The Union Power Ministry’s latest set of rules hopes to improve the financial health of DISCOMs.

What are DISCOMs?

  • DISCOMS are power distribution companies that buys products from the manufacturer and then generally resells them for a profit to a retailer or, in some cases, directly to the customer.
  • The health of DISCOMs is crucial to keep the wheels of the economy running.
  • They are regulated entities in India, with almost all consumer prices set by independent state electricity regulatory commissions.

  Aggregate Technical & Commercial (AT & C) Losses

  • It is combination of energy loss (Technical loss + Theft + inefficiency in billing) and commercial loss (Default in payment + inefficiency in collection).
  • AT&C Losses = (Energy input – Energy billed) * 100 / Energy input.
  • It provides a realistic picture of loss situation in the context it is measured.


  • It is the gap between the average cost of supply (ACS) and the average revenue realised (ARR).

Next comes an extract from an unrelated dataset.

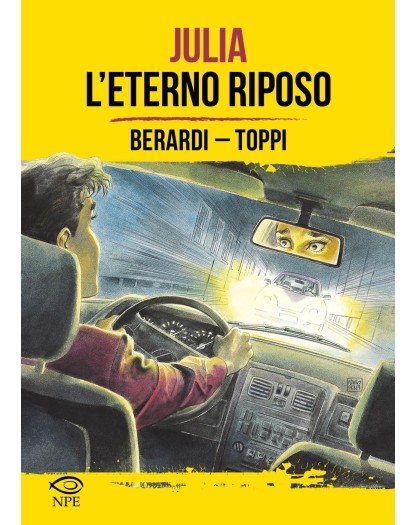 Julia – L’Eterno Riposo – Sergio Toppi Collection – Edizioni NPE – Italiano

What are the issues with DISCOMs?

  • High AT & C losses- It is arising due to issues with tariff that affects the ability of discoms to buy power to supply to the consumers.
  • Lack of compliance- There was no legal framework for the reduction trajectory in AT & C losses.
  • Low utilisation of generation capacity- Inadequate utilisation of generation capacity was the key contributor to power deficit. It is due to
    • Shortage of fuel, especially coal, and
    • Unviable Power Purchase Agreements.
  • Differential tariff- Average tariff was highest for commercial and industrial (C&I) purposes and lowest for agriculture consumers.
  • For example, DISCOMs in the north-eastern states and agrarian states are especially dependent on government subsidies.
  • Delay in tariff revision- The delay in periodic tariff revision would lead to huge financial loss for DISCOMs.
  • Increase in borrowing of State owned DISCOMs- The interest cost on the loans worsens the poor finances of state discoms.  It affects their ability to buy power, thus leading to power deficits.
  • Outstanding debts- High level of debt and payments owed to generation companies by the States leads to financial loss.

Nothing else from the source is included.